Thread: Install Postgres on a SAN volume?

Install Postgres on a SAN volume?

From
William Garrison
Date:
We are using PostgreSQL 8.2.9 on Windows, and we are setting up some new
machines.  We used to install PostgreSQL on C: and then we put the
tablespaces onto our SAN drive (Z:).  When we tried to mount the
snapshots of the SAN we learned that they were useless since we only had
the tablespaces, not all the other stuff.  So we are considering two
options:

1) We could install PostgreSQL directly onto the SAN volume.  That puts
the data directory, the application files, tools, EXEs, DLLs, etc. on
the SAN volume
2) We could install PostgreSQL onto the C: drive and then configure the
data folder to be on the SAN volume (Z:)

I'm not the hardware guy, but our SAN is supposedly superly-duperly
fast, RAID with mirrors stripes and even plaid.  The connection is dual
fiber channels, is hardened against nuclear strikes, and includes a
laser defense system.  So I am assured it is fast.  Option #1 is the
simplest, and offers us lots of advantages.  But I can't help but wonder
if putting the actual application files and transaction logs on there is
smart.  It is really nice because it supports instant snapshots so we
can, in theory, snapshot a volume and re-mount it elsewhere.  But I am
looking for any down sides to doing it this way.  Any suggestions from
Postgres veterans?

Thanks.

Re: Install Postgres on a SAN volume?

From
Greg Smith
Date:
On Mon, 8 Sep 2008, William Garrison wrote:

> 2) We could install PostgreSQL onto the C: drive and then configure the data
> folder to be on the SAN volume (Z:)

Do that.  You really don't want to get into the situation where you can't
run anything related to the PostgreSQL service just because the SAN isn't
available.  You may have internal SAN fans that will swear that never
happens, but it does.  Also, it allows installing a later PostgreSQL
version upgrade on another system and testing against the SAN data files
in a way that said system could become the new server.  There's all kinds
of systems management reasons you should separate the database application
from the database files.

> So I am assured it is fast.

Compared to what?  The same amount spent on direct storage would be widly
faster.

The thing to remember about SANs is that they are complicated, and there
are many ways you can misconfigure them so that their database performance
sucks.  Make sure you actually benchmark the SAN and compare it to direct
connected disks to see if it's acting sanely; don't just believe what
people tell you.

I personally can't understand why anybody would spend SAN $ and then
hobble the whole thing by running PostgreSQL on Windows.  The Win32 port
is functional, but it's really not fast.

> It is really nice because it supports instant snapshots so we can, in
> theory, snapshot a volume and re-mount it elsewhere.

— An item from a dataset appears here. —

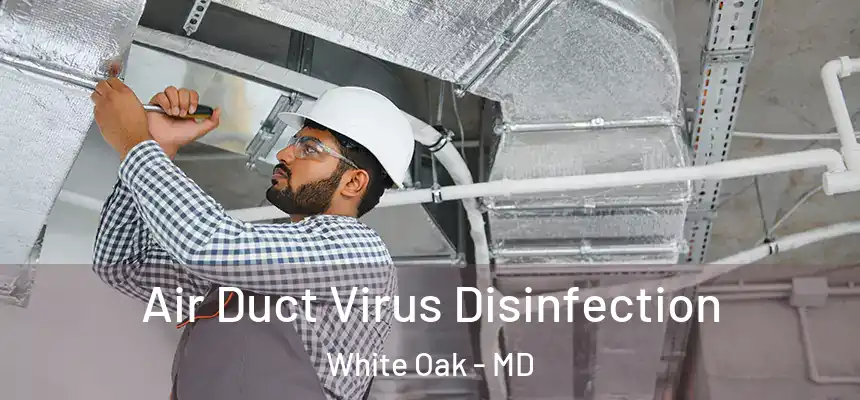 Air Duct Virus Disinfection White Oak - MD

You'll still need to setup basic PITR recovery to know you got a useful
snapshot.  See
http://lethargy.org/~jesus/archives/92-PostgreSQL-warm-standby-on-ZFS-crack.html
for a nice intro to that that uses ZFS as the snapshot implementation.

--
* Greg Smith gsmith@gregsmith.com http://www.gregsmith.com Baltimore, MD

Re: Install Postgres on a SAN volume?

From
"Douglas McNaught"
Date:
On Mon, Sep 8, 2008 at 6:18 PM, William Garrison <postgres@mobydisk.com> wrote:
> 2) We could install PostgreSQL onto the C: drive and then configure the data folder to be
> on the SAN volume (Z:)

You want this.  If you're going to take snapshots, you need all the
data files AND the transaction logs to be in the snapshot.  Putting
the application files on the SAN probably won't hurt, but won't really
help either (as it's likely that all the application code will stay in
memory once the system is running).

You can put the text logfiles on a local drive if you want.

-Doug

Re: Install Postgres on a SAN volume?

From
William Garrison
Date:
Thanks.

I notice that the link you provided says:
"Per best practices, my postgres data directory, xlogs and WAL archives
are on different filesystems (ZFS of course). "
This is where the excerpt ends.